Something nudged Joe Bob. Something hard pressed down into his shoulder. He grunted. It pressed again. Wrong side of the bed for Delia.
Joe Bob opened his eyes to see a big man standing over him. The man wore a black mask that covered his face. The man was pulling back the black pistol he’d used to prod Joe Bob awake. The man motioned for Joe Bob to sit up. Joe Bob saw that a smaller man, also in a mask, was on the bed straddling Delia and holding a pistol to her head. The smaller man nodded in greeting to Joe Bob.
The big man helped Joe Bob to his feet then shoved him into a padded chair in a corner of the room. The smaller man had Delia out of the bed. She was mewling wordlessly. Joe Bob thought she was praying. The smaller man shoved her to the floor at Joe Bob’s feet. She was whispering his name over and over again.
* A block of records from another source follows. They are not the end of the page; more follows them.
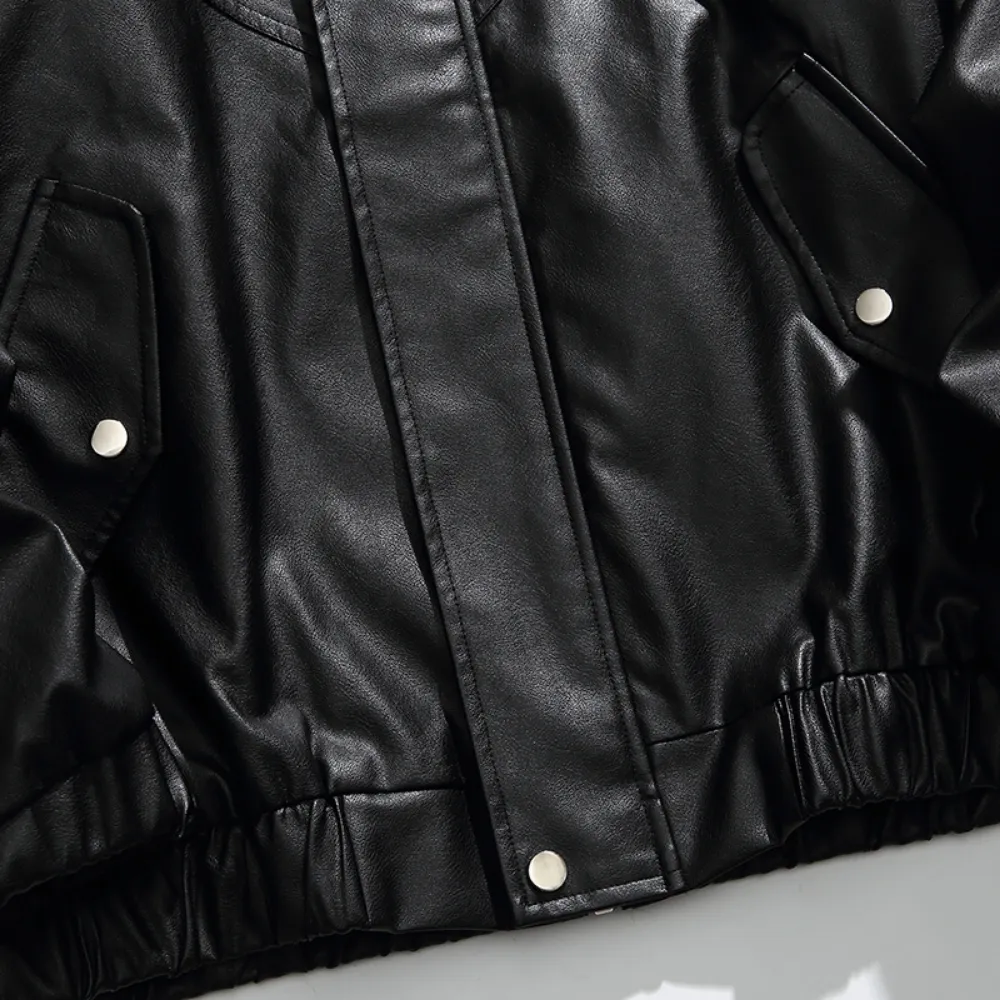 Japanese Solid Color PU Jacket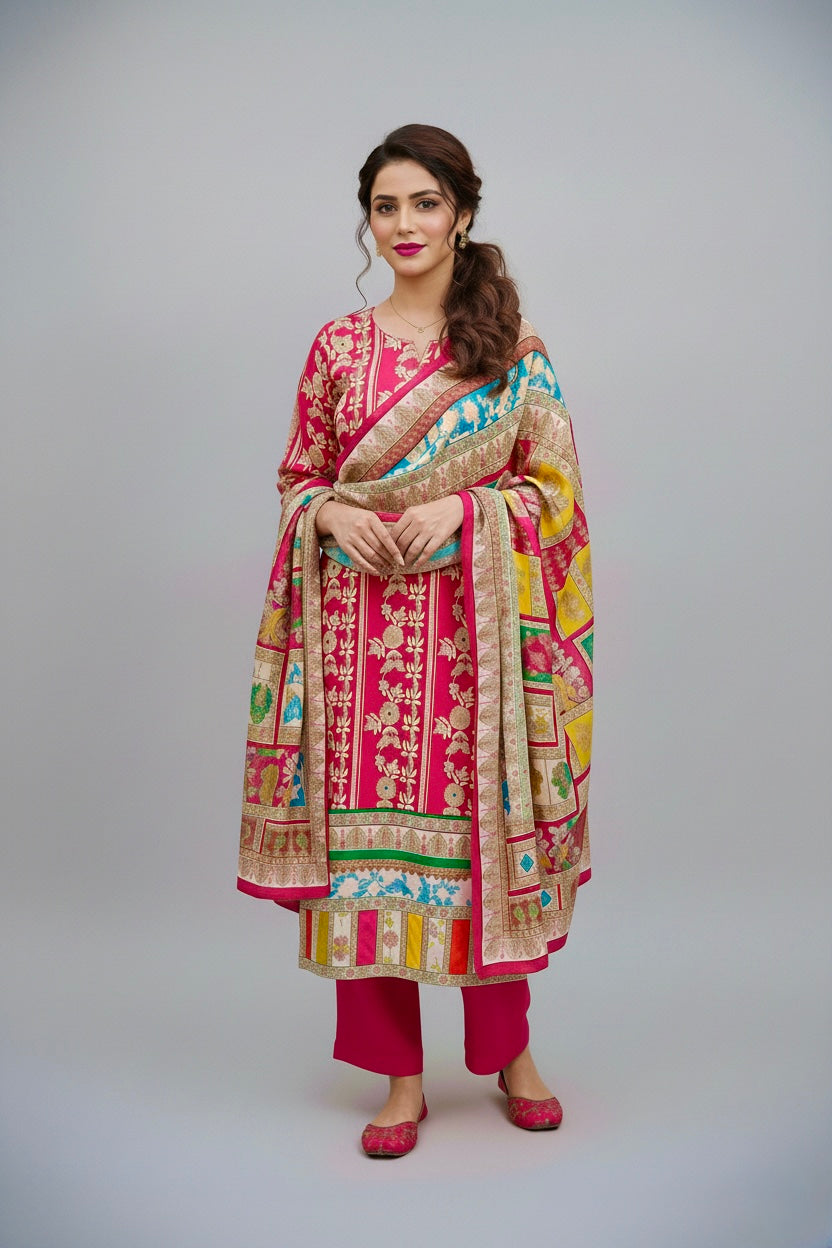 Vibrant Bloom Designer Crepe Suit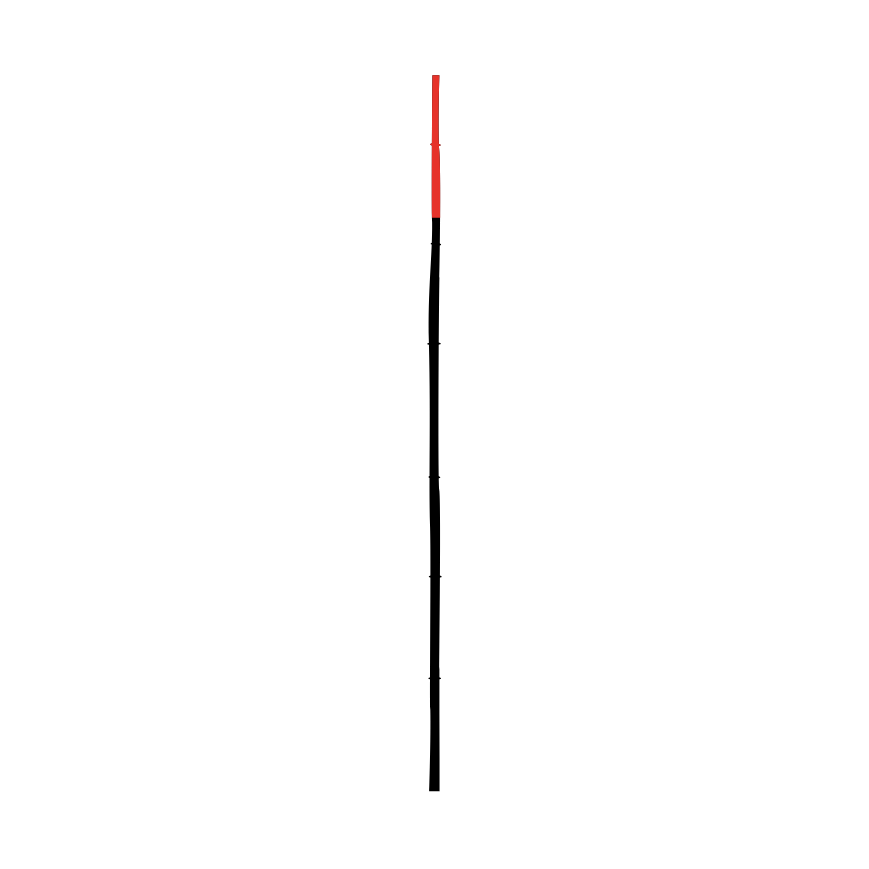 408 Bambusstangen / schwarz mit 30 cm orange
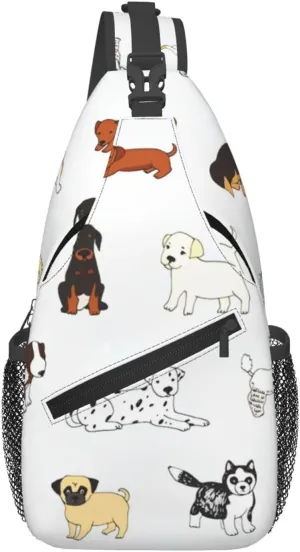Crossbody Sling Bag for Men Women, Cartoon Doodle Puppy Dog Sling Backpack Shoulder Chest Bag, Anti Theft Travel Hiking Daypacks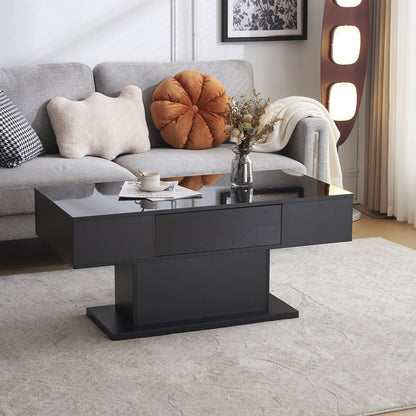 LED Coffee Table with 1 Drawers, High Gloss Cocktail Table Accent Furniture for Living Room 43.3" Black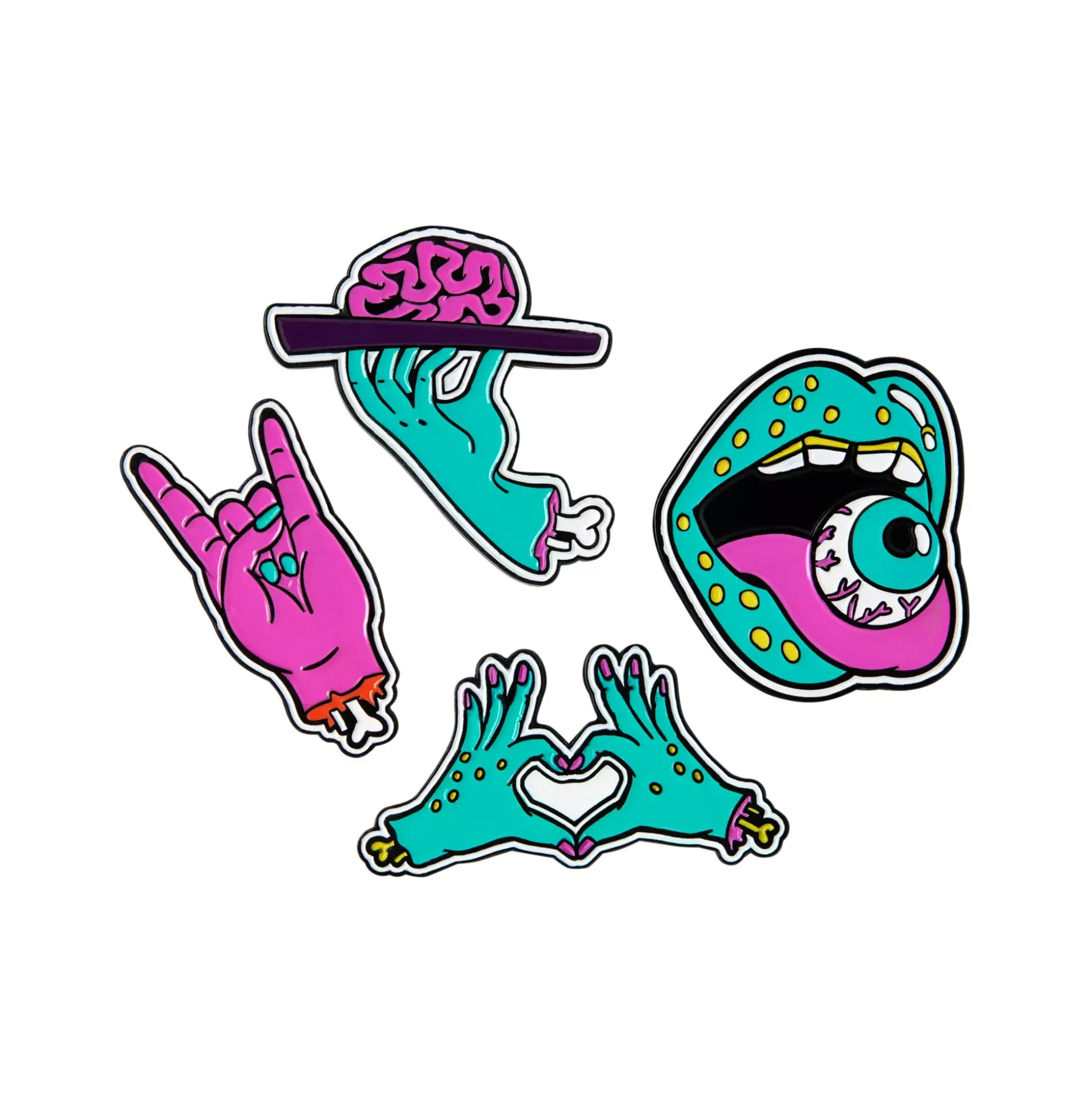 Zombie Pin Set - 4 Pack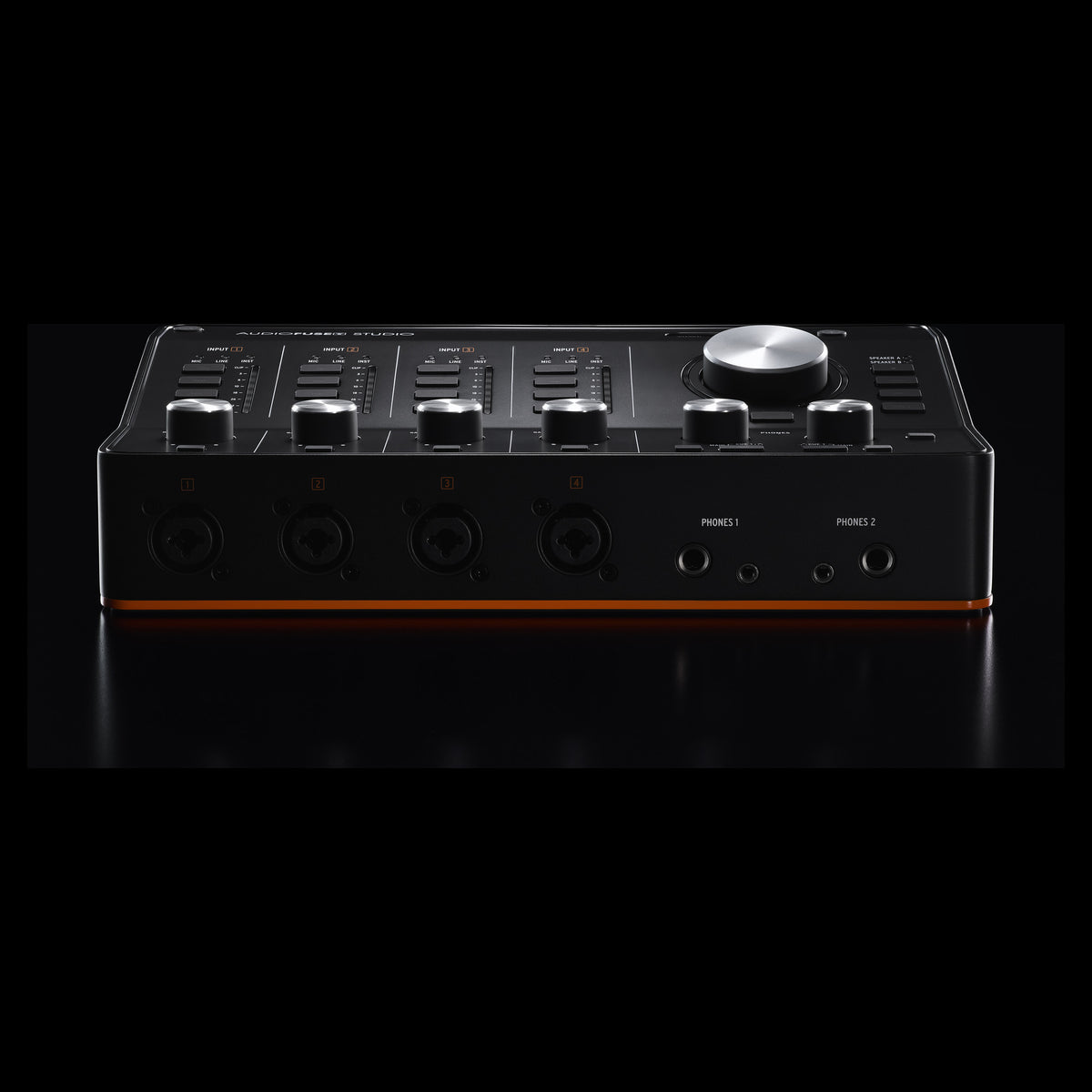 Arturia AudioFuse Studio Rev2 audio interface, studio front view on black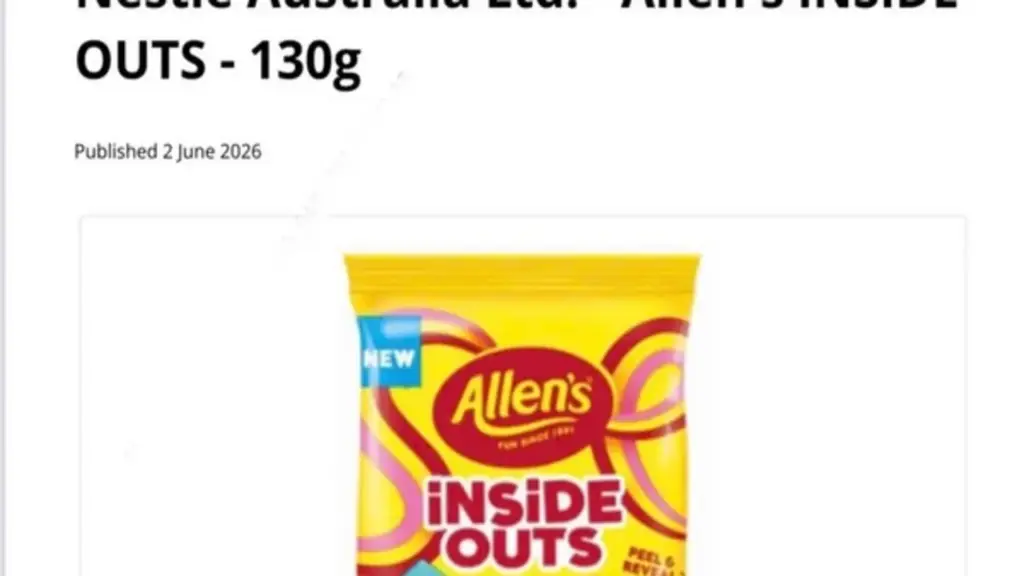 Thu hồi một số lô kẹo Allen's iNSiDE OUTS do có dị vật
“Joe Bob? Joe Bob? Joe Bob?”
The smaller man took a seat on the corner of the bed. The gun in his gloved fist at rest on his leg.
“You know this man Levon Cade?” Nestor said.
Joe Bob nodded. “He used to work for me.”
The smaller man shook his head lazily.
“He still works for you. You gave him a new job,” Nestor said.
“Okay,” Joe Bob said.
“You will tell him to stop this job you gave him. You will tell him to come home. When he has come home you will call us,” Nestor said. He plucked a strip of paper from the pocket of his leather jacket. He held it out for Joe Bob.
Joe Bob took the paper. It had a ten digit number hand printed on it.
“You understand? You tell him to stop working and come back home. You changed your mind. Okay? You understand what will happen unless you do this.”
Joe Bob nodded.
“Good,” Nestor said patting his knees befo
re standing up. The two men walked for the door of the master bedroom.
“Sorry for the dog,” Karp said before stepping into the dark hallway.
Joe Bob fell to his knees on the carpet. He drew his wife to him and held her close, whispering assurances in her ear.
“Are they the men who took Jenna?” she said, breaking from his grasp.
Joe Bob stared at her, features drained of blood.
Jenna. In the face of his own death he’d forgotten Jenna.
46
* * *
Merry leaned on the table and waved her hand before Gunny’s eyes. He was teaching her to play chess at the kitchen table.
“What are you doing?” Gunny said.
“Nothing,” she said and sat down.
“You don’t believe I’m really blind?”
“I believe you.”
“Then why were you waving your little hand in front of my face?”
“How do you know that if you can’t see?” she said.
“Why do you think I can see?” he said fingering the crenulations atop the rook to his right.
“You beat me three games without being able to see.”
“Maybe you’re so bad at this game even a blind man can beat you.”
“Unh uh!”
“I know what a chess board looks like. I know how the pieces move. You let me know which piece you moved and I can see it in my head.”
“You ’member it?” she said in open awe.
“It’s not hard. Memory is a muscle. The more you work it the stronger it gets. Your move, little girl.”
“Did you teach my daddy chess? He told me you were his teacher,” she said and slid a pawn forward with his hand atop hers.
“I taught him all kinds of things. Chess was not one of them. He’s a good player though. Surprised he hasn’t taught you already,” he said, moving a pawn forward to block her path while freeing his bishop to move.
“What kind of school was it?”
“A very special school. A very hard school. My job was to teach men how to be smart even when they were hurt or scared or tired.”